#### [Assignment]
The lines to reproduce from the material below are those from the one containing "Vintage Toddler Girl Tulle Dance Leotard" through the one containing "Billycart Kids |", both included; write them out exactly and add nothing.

#### [Data shown]

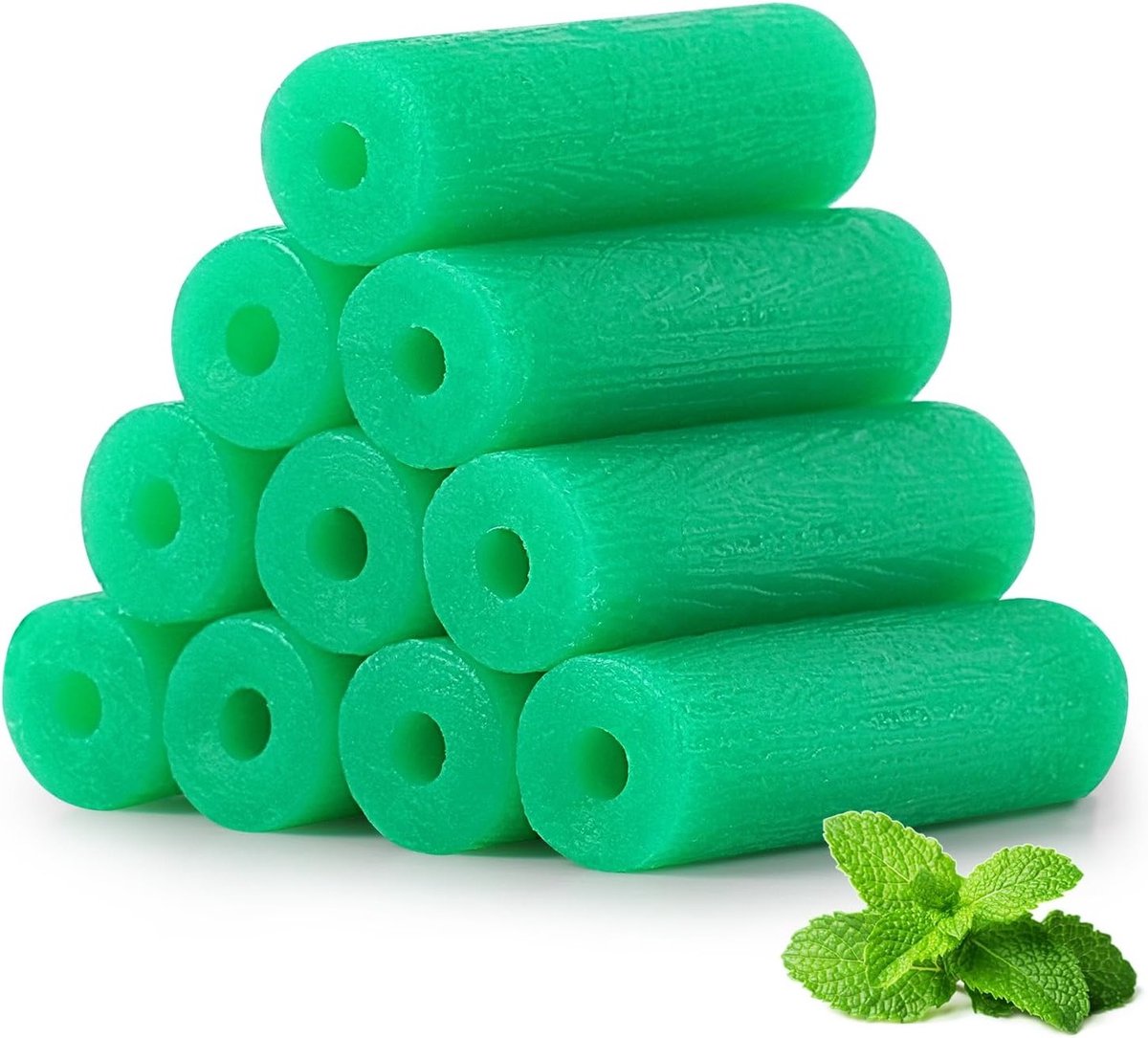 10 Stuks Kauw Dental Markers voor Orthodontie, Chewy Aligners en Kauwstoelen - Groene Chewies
==
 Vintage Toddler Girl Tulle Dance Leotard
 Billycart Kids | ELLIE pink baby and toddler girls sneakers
==
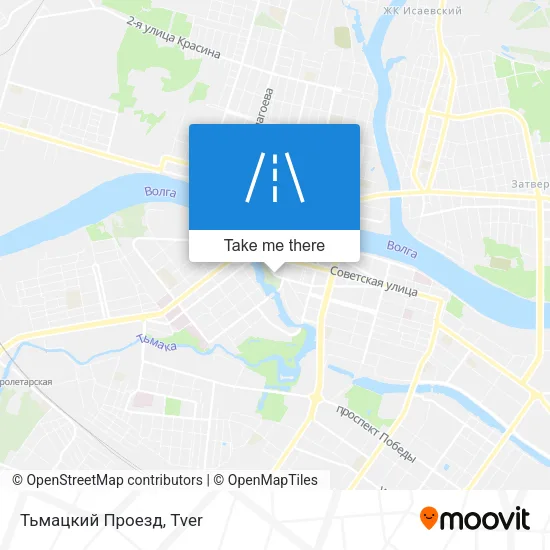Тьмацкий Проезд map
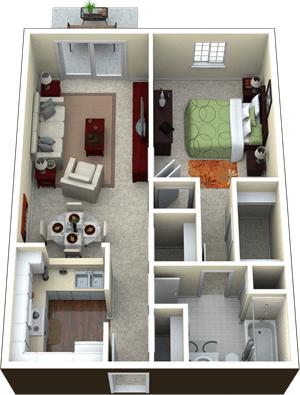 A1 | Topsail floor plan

#### [Your solution]
 Vintage Toddler Girl Tulle Dance Leotard
 Billycart Kids | ELLIE pink baby and toddler girls sneakers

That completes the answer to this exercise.